The hearing in Bulgaria’s Supreme Court of Cassation of an application to review and suspend the parole granted to Australian murder convict Jock Palfreeman has been brought forward from October 23 to October 7.
The hearing has been brought forward because of the high public interest in the case and the ban on Palfreeman leaving the Busmantsi centre for temporary detention of foreigners.
In September 2019, the Court of Appeals in Sofia granted parole to Palfreeman, who was 11 years into a 20-year sentence for the December 2007 murder of student Andrei Monov. Palfreeman, who pleaded not guilty, has consistenly protested his innocence.
After the ruling by the Court of Appeals, Palfreeman was transferred from Sofia Central Prison to Busmantsi on the grounds that his Australian passport had expired and he had no valid identification documents.
On October 1, the head of Bulgaria’s Migration Directorate, Nikolai Nikolov, told local media that an order to expel Palfreeman from Bulgaria had been issued, but had not been implemented because the Australian did not have identification documents.

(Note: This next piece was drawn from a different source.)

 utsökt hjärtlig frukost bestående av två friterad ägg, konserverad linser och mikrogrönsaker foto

Nikolov confirmed that Australia had issued travel documents to Palfreeman.
This past weekend, Bulgaria’s Interior Minister Mladen Marinov said that there were two bans on Palfreeman leaving Bulgaria, imposed by the Prosecutor’s Office. These bans were in connection with pre-trial proceedings and in relation to the serving of a sentence of imprisonment.
Reports on September 30 said that Palfreeman had lodged an application, through his lawyer, in the Sofia City Court to have the ban on him leaving Bulgaria overturned.

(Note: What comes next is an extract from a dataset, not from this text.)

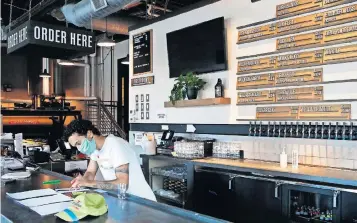  ?? [ERIC ALBRECHT/DISPATCH] ?? Server Cameron Sadler works on to-go orders at the bar that would usually be packed with customers at Wolf’s Ridge Brewing Downtown. It’s one of many restaurant­s pushing for an industrysp­ecific relief package, a motivation experts say could be influencin­g a recent survey saying as many as half of Ohio bars and restaurant­s could close.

Bulgarian media reports have argued, quoting lawyers, that the continued detention of Palfreeman in Busmantsi is illegal.
The September 2019 Court of Appeals ruling on parole for Palfreeman has caused considerable controversy in Bulgaria, with condemnation of the ruling across the political spectrum. It also has led to crossfire among members of the judiciary.
On October 1, Supreme Court of Cassation President Lozan Panov criticised the Supreme Judicial Council’s judicial college as having abdicated its duty to defend the independence of the judiciary.
Judge Panov, who last week did not participate in last week’s discussion of the Palfreeman case at the SJC judicial college, referred to the college’s criticism of the appeal court judges who ruled to allow Palfreeman parole.
“This whole approach, in which hatred and loathing is directed towards magistrates, whether or not we agree with rulings, is a return to an epoch which, I believe, should be forgotten,” Panov said.